Welcome to the *CG thread, where we talk all manner of Card Games – Collectible, Trading, Living, and otherwise! Feel free to chat amongst yourselves about the card games you’re playing or anything card game-related that strikes your fancy.
In order to play a collectible card game, at some point, you have to collect at least a few cards. But how does one build a collection?
The “traditional” way, if there is one, is to buy packaged products sold by the publisher. Whether this is an LCG set, or a booster pack, or a preconstructed deck, this is the “primary market.”
This tends to be the most expensive way to build a collection, but it is also the most accessible, especially to newer players, who lack the knowledge or connections to get cards through other means. Publishers generally know this, and this is why so many primary market products are targeted at newer players – preconstructed decks that help them get started right away, booster packs that are easy to buy on impulse and open right away to build up that classical conditioning Skinner Box effect, and so on.

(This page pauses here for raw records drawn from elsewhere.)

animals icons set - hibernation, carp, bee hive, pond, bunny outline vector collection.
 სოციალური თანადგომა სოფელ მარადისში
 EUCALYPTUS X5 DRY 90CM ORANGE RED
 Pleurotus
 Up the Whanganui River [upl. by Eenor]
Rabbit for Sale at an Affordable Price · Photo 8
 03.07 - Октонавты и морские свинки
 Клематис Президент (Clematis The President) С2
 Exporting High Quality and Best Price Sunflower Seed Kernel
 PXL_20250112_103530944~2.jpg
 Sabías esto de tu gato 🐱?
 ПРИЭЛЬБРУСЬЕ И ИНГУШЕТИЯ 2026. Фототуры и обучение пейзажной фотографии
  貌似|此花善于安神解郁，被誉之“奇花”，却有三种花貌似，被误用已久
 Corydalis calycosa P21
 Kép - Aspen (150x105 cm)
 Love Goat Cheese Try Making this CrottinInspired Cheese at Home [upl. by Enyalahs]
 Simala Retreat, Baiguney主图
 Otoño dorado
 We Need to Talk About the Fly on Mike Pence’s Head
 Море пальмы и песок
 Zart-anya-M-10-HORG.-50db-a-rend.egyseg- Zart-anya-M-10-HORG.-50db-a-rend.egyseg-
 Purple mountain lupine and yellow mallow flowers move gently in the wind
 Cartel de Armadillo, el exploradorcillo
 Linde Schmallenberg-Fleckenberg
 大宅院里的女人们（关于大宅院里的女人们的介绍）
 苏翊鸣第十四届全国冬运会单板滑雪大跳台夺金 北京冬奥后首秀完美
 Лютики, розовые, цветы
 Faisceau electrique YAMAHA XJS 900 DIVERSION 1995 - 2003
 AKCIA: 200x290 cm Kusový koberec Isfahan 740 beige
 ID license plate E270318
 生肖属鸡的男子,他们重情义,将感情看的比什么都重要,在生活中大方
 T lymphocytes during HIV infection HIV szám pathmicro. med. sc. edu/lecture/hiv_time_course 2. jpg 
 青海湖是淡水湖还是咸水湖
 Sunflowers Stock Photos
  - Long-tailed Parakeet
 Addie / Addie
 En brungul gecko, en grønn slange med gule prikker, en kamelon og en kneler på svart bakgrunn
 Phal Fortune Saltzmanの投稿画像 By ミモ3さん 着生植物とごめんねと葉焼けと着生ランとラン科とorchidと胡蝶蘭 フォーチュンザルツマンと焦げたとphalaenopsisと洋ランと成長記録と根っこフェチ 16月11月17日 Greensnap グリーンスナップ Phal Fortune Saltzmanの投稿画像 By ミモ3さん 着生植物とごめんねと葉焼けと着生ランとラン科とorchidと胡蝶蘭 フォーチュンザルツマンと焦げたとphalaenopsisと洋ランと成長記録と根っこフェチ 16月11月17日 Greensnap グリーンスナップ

In Living Card Games, this can often be the end of things. You buy the set that comes out and it’s yours. There’s a fixed price to getting all the things that you want and you’ve got everything you need. But in games where there’s a random distribution of cards, as soon as you move outside of the realm of preconstructed decks, you start to end up with piles and piles of duplicates. And if you try to build a collection through drafting (which is my preferred method), this problem can end up exacerbated, as you get a lot of the same cards that tend to be good in drafts.
If you want to get out of that cycle, you have to look to the secondary market. While selling cards tends to be a long-tail operation, where most cards are nearly worthless and a few cards can buy you back a significant fraction of a full booster box, buying cards can be the best way for a player with a plan in mind to put together a collection. That long-tail can be a boon, because when certain cards become more expensive, every other card gets less expensive1 – meaning that as long as you’re not dead-set on playing the most popular cards, you can build a respectable, if not top-level competitive, collection.
This week’s prompt: How big is your collection? How do you grow your collection?
Or, as always, feel free to talk about anything going on with you in the world of *CGs.